A year after premiering Gardner’s long-unpublished second case—under the pseudonym A.A. Fair (The Knife Slipped, 2016)—for private investigator Bertha Cool and her operative, Donald Lam, Hard Case reprints the second case for the team that actually made it into print back in 1940—and it’s a doozy.
Over 20 years ago, Dr. James C. Lintig and his wife, Amelia Rosa Lintig, disappeared from Oakview, California, in the middle of a heated divorce suit in which each accused the other of infidelity. Now a client demurely identifying himself as Mr. Smith wants Cool and Lam to track down the missing woman, though he’s less interested in her presumably still-estranged husband. Arriving in Oakview, Donald quickly develops several promising leads, but some of them lead to the wrong places.

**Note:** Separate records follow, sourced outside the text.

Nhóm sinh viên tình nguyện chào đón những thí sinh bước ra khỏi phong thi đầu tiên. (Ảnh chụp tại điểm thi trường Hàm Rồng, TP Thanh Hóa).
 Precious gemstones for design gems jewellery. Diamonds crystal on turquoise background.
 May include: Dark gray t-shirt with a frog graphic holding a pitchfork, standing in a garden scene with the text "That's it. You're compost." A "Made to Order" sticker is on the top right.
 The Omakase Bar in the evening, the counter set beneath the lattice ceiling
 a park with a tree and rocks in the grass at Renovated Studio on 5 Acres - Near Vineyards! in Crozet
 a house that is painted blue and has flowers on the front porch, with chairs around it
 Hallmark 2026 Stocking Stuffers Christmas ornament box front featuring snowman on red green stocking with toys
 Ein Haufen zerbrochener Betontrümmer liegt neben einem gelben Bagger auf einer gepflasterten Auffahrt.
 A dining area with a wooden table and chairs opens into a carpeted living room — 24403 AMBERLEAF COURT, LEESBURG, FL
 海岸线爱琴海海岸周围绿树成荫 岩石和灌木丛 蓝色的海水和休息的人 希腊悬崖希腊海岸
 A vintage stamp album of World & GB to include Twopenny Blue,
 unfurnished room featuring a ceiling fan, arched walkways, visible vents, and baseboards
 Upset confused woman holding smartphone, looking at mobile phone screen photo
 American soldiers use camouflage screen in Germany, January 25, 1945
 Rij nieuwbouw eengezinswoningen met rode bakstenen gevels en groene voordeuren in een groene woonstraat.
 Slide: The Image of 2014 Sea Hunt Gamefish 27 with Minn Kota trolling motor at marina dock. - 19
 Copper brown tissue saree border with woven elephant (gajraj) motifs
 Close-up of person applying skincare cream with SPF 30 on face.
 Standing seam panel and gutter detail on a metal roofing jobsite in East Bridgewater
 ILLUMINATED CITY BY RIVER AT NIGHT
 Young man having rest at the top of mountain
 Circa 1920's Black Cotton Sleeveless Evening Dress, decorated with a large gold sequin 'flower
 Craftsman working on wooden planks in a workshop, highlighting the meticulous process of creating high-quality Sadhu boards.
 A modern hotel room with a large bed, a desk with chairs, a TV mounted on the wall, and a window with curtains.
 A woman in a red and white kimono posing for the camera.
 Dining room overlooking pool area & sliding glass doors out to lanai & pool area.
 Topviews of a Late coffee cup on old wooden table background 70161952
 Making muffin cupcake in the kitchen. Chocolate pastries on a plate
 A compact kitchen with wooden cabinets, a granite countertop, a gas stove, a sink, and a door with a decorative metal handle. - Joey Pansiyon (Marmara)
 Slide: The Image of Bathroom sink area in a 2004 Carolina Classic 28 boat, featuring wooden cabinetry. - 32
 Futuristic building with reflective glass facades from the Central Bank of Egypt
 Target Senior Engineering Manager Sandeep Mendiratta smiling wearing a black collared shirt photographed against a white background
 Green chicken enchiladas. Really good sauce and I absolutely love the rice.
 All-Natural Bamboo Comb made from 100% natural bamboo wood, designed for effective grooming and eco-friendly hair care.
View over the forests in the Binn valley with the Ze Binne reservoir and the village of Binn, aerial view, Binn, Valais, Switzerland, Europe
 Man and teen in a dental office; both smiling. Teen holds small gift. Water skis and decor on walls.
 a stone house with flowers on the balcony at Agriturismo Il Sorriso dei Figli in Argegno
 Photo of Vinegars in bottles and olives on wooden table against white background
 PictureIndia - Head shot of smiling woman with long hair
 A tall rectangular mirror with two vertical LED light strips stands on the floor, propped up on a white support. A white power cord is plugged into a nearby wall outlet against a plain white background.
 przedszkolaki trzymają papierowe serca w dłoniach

His queries attract the attention of a menacing stranger who knocks him out and kidnaps him from his hotel, and for every new item he digs up about Amelia Lintig, he uncovers an unwelcome new tidbit about the client himself, who shows every sign of a self-destructive streak a mile wide—a trait echoed this time by Donald’s boss, whose inability to trust her canny op backfires, leading the duo into a murky area between a town full of crooked politicians and a murder rap. A more detailed summary would give away too much about a tale that depends on a wonderfully pulpy milieu, a breathless pace, and a nested series of surprises so rapid that you hardly have time to get used to each one before Gardner springs the next. By the end, however, you’ll sympathize with Bertha’s complaint that “I’ve ceased to be a detective and become an accomplice” and agree with Donald that “a lot of heat has been turned on.”
The only disappointment is that the appropriately lurid cover illustration doesn’t come close to representing any of the many felonies that actually go down. If they’re looking to please fans, Hard Case could do worse than continue the series till they’ve reprinted every one of the firm’s 29 adventures.